Approaches to plant safety continue to evolve based on lessons learned, as well as new automation standards and technology
In the chemical process industries (CPI), one incident can have a tremendous impact on the people in the plant, the communities around it, the environment and the production asset.
This article outlines how learning from past incidents continues to drive the development of both newer standards, as well as new approaches to process automation as it relates to plant safety and security.
Learning from incidents
Today, there is a lot of information available about process incidents and industrial accidents from sources such as the Chemical Safety Board (www.csb.gov), Industrial Safety and Security Source (www.isssource.com) or Anatomy of an Incident (www.anatomyofanincident.com). Regardless of the source, and considering the amount of public discussion that takes place, particularly following the very large and visible industrial incidents, it’s important to take the opportunity to learn and seek opportunities to improve and prevent these incidents from happening again (Figure 1).
The impact of incidents and accidents on people, the environment and plant assets is significant. According to a Marsh LLC (www.marsh.com) publication [ 1 ], there is evidence that the petrochemical sector suffered a terrible period in terms of accidents between 1987 and 1991 (Figure 2). The losses (property damage of the production assets, liabilities and so on), recorded in that period were about ten times worse than previous periods (1976–1986) and about 3.5 times worse than following periods (1992–2011).
On the positive side, the Marsh report shows that there has been improvement in the sector after 1992. This improved safety can be attributed, in part, to the introduction of the process safety management (PSM) standards.Taking a closer look, it is evident that the significant loss for the 1987 –1991 period was dominated by three explosion events, two of which were vapor-cloud explosions and account for 70% of the total losses for this timeframe. The key takeaway from this is that a single incident can have a tremendous impact on the people in the plant, the communities around it, the environment and, last but not least, the production asset.

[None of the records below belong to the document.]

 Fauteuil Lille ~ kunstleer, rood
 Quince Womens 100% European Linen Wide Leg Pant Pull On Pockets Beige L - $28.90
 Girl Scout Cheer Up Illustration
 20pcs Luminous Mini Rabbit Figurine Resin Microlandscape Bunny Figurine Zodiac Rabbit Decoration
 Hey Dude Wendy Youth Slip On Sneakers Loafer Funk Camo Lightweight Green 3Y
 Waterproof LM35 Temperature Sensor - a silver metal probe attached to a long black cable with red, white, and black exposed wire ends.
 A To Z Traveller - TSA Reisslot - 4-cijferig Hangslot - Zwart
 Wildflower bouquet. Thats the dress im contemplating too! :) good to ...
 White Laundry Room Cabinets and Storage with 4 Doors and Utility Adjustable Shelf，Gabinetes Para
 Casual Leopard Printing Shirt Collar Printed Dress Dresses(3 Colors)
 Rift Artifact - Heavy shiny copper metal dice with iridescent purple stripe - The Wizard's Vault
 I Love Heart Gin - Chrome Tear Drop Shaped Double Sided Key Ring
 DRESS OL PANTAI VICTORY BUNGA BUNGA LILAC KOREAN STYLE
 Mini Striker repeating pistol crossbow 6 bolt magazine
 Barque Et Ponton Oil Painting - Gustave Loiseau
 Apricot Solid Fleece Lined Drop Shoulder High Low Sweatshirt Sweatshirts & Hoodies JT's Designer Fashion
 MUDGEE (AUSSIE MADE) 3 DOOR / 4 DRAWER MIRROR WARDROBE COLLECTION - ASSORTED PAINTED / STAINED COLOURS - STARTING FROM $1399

In 1992, the U.S. Occupational Safety and Health Administration (OSHA; www.osha.gov) — the agency tasked with safety of personnel — issued the Process Safety Management of Highly Hazardous Chemicals standard (29 CFR 1910.199). This regulation set a requirement for hazard management and established a comprehensive PSM program that integrates technology, procedures and management practices. The introduction of this standard may be credited with improving process safety performance in U.S. hydrocarbon processing facilities.
Defining safety
In industry, safety is defined as a reduction of existing risk to a tolerable or manageable level; understanding risk as the probability of occurrence for that harmful incident and the magnitude of the potential harm. In many cases, safety is not the elimination of risk, which could be impractical or unfeasible.
Although the CPI must accept some degree of risk, that risk needs to be managed to an acceptable level; which in turn makes safety a societal term as well as an engineering term. Society establishes what is commonly accepted as safe and engineers have to manage risk by introducing risk-reduction methods including human elements, such as company culture and work processes and technologies that make the production facilities an acceptable place to work and a responsible neighbor in our communities.
The CPI has applied learnings from numerous events over the last 40 years. These incidents and accidents have resulted in changes to regulations and legislation and have driven the adoption of best practices that address the known factors at the root of those events.
A lot of the best practices are related to understanding and evaluating hazards and defining the appropriate risk reduction, including measuring the effectiveness of the methodologies or technologies used in reducing the risk.
Risk-reduction methods using technology — including digital systems — have received extensive coverage in trade publications over time as they are important contributors to process safety and plant productivity. However, it is critical to recognize human factors and their impact on process safety in the design, selection, implementation and operation of technology.
Connecting PSM and FS
Organizations, such as OSHA, recognize Functional Safety Standard ISA 84 as a Recognized and Generally Accepted Good Engineering Practice (RAGAGEP) and one way to meet the PSM requirements defined in 29 CFR 1910.199. Applying ISA 84 is more than purchasing a technology with a given certification or using a particular technology scheme or architecture. Industry best practices such as ISA 84 consider a great deal of applied learning. ISA 84 is a performance-based standard and describes multiple steps before and after selecting and implementing safety system technologies. These steps — commonly referred to as the safety lifecycle — are also the result of applying lessons learned from incidents and events.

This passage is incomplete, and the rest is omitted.